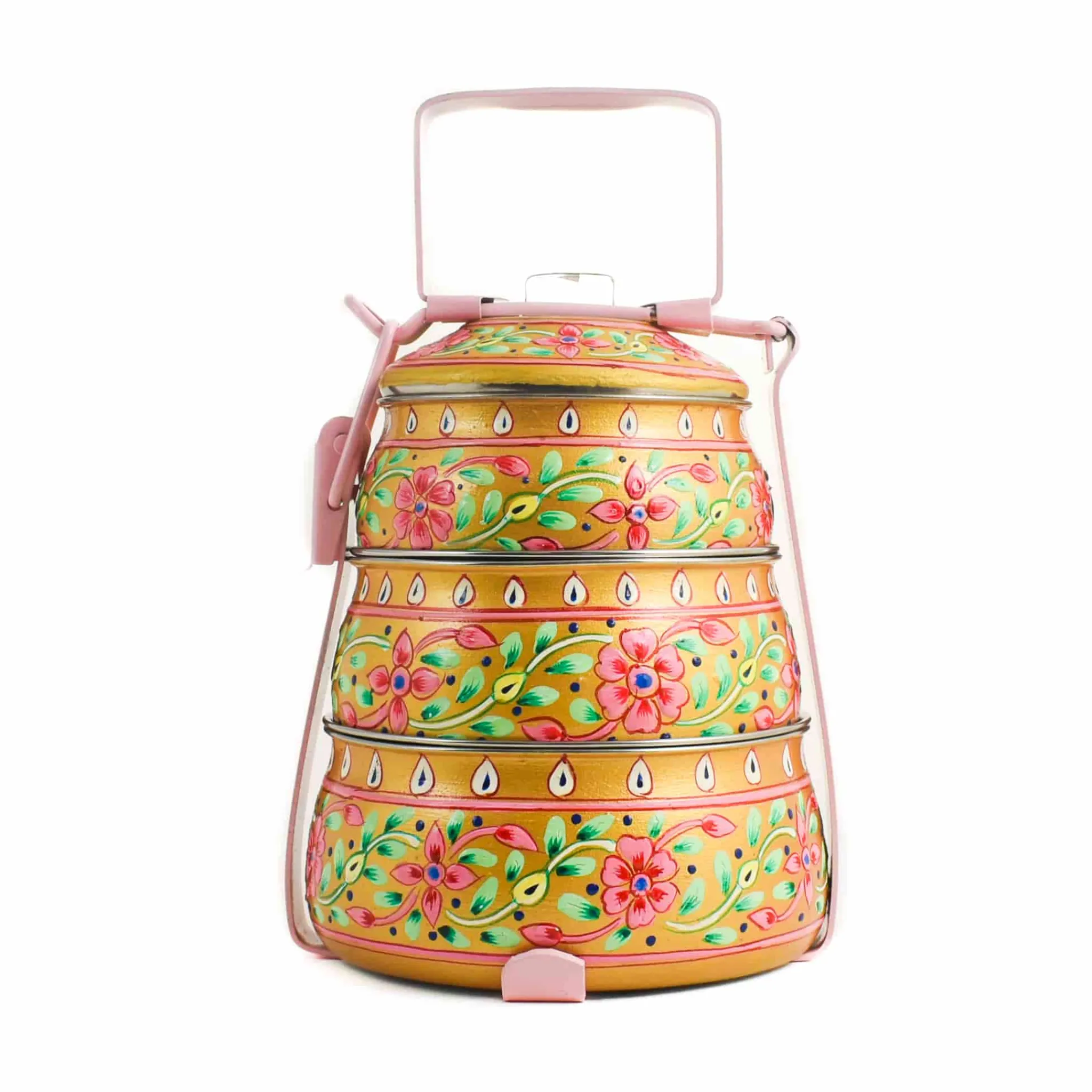 Indian Tiffin Hand Painted Three Tier Yellow Tiffin Tin, 1.5 Litre Clearance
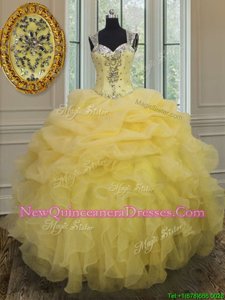 New Arrival Light Yellow Straps Neckline Beading and Ruffles Quince Ball Gowns Sleeveless Zipper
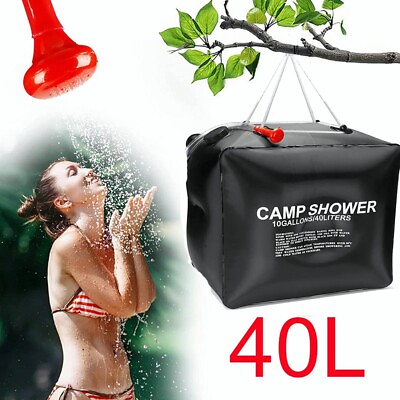 #ad 10 Gallon PVC Portable Camping Hanging Shower Water Bag Solar Heating Shower Bag $15.98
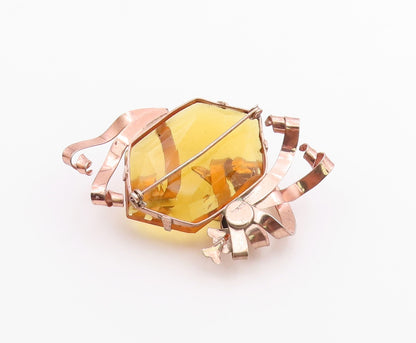 925 Silver  Vintage Rose Plated Wire Wrapped Orange Quartz Brooch Pin  BP9720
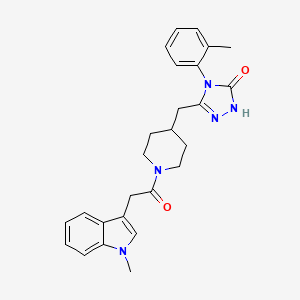 molecular formula C26H29N5O2 B2619356 3-((1-(2-(1-methyl-1H-indol-3-yl)acetyl)piperidin-4-yl)methyl)-4-(o-tolyl)-1H-1,2,4-triazol-5(4H)-one CAS No. 2034364-58-2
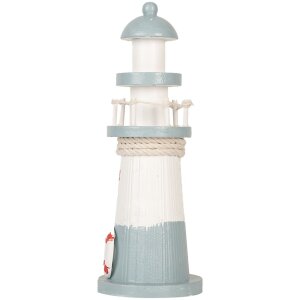 Clayre & Eef 6H2404 Decoratieve Vuurtoren Wit Blauw Ø 8 x 22 cm MDF hout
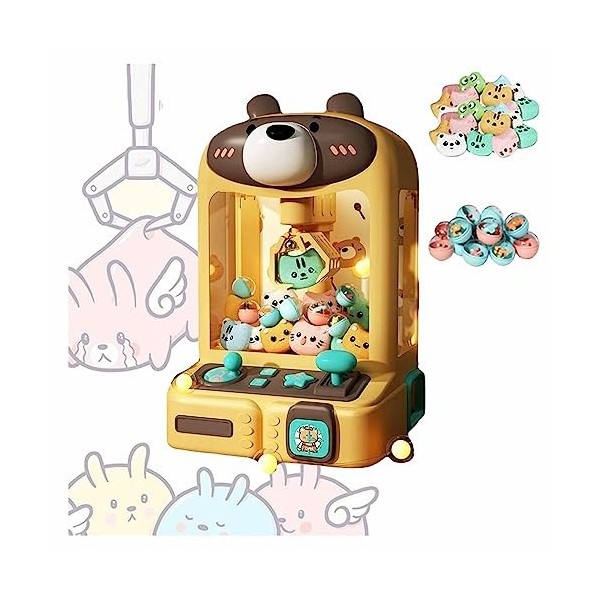 Alacritua Machine à Griffes Machine à Pince avec 30 Peluches,10 Gashapons Machine Attrape Bonbon Clip De Poupée pour Fille po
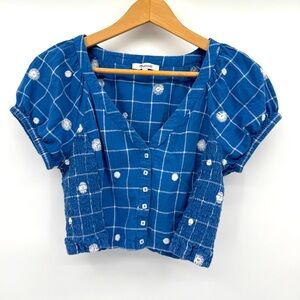 Madewell Embroidered puff sleeve crop top Size 6 Hermitage Blue Cottagecore EUC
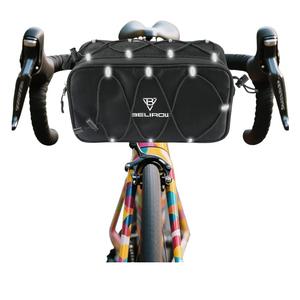 Bike Handlebar Bag, 4.3L Large Reflective Front Frame Pouch, Mild Waterproof and Hardening of the Shell, Road Mountain Bicycle Professional Travel Accessories, Installable Cycling Seat Storage Bags, Black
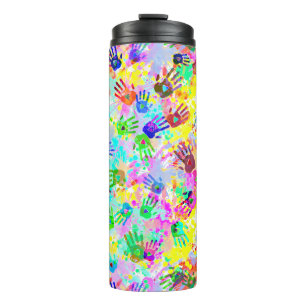 holiES - hands splashes coloured grunge pattern 2 Thermal Tumbler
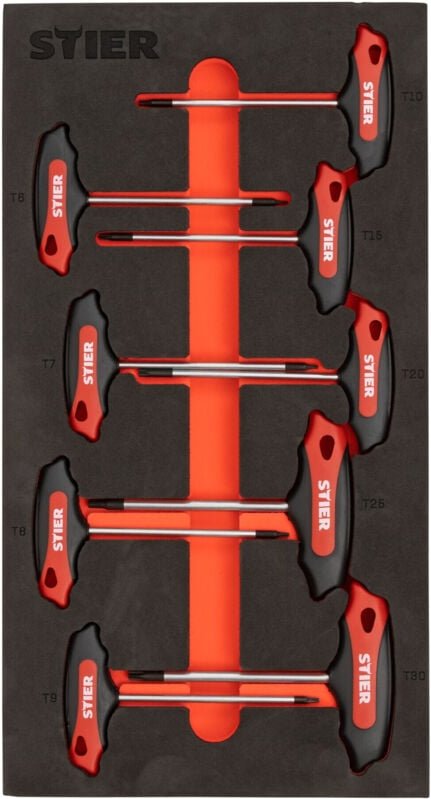 T-Griff-Schraubendreher-Satz Torx TX15 - TX45 mm 6-teilig in Weichschaumeinlage (eva), torx Schraubendreher Set, innense...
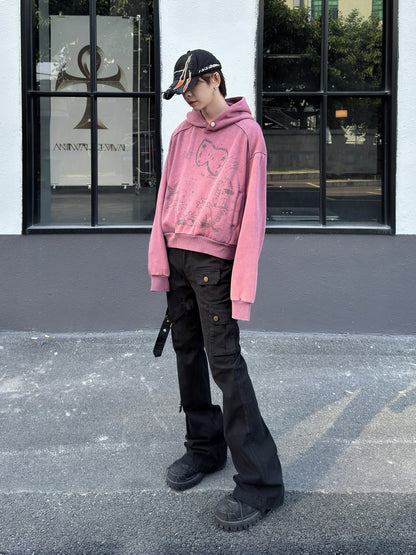 Graffiti Print Oversize Short Pullover Hoodie WN23012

_Directions for this task_
Exactly as written, give again every line from the one containing "Alacritua Machine à" through the last line of the material, both included, with the pictures left out.

_Reply_
 Alacritua Machine à Griffes Machine à Pince avec 30 Peluches,10 Gashapons Machine Attrape Bonbon Clip De Poupée pour Fille po
 Madewell Embroidered puff sleeve crop top Size 6 Hermitage Blue Cottagecore EUC
 Bike Handlebar Bag, 4.3L Large Reflective Front Frame Pouch, Mild Waterproof and Hardening of the Shell, Road Mountain Bicycle Professional Travel Accessories, Installable Cycling Seat Storage Bags, Black
 holiES - hands splashes coloured grunge pattern 2 Thermal Tumbler
 T-Griff-Schraubendreher-Satz Torx TX15 - TX45 mm 6-teilig in Weichschaumeinlage (eva), torx Schraubendreher Set, innense...
 Graffiti Print Oversize Short Pullover Hoodie WN23012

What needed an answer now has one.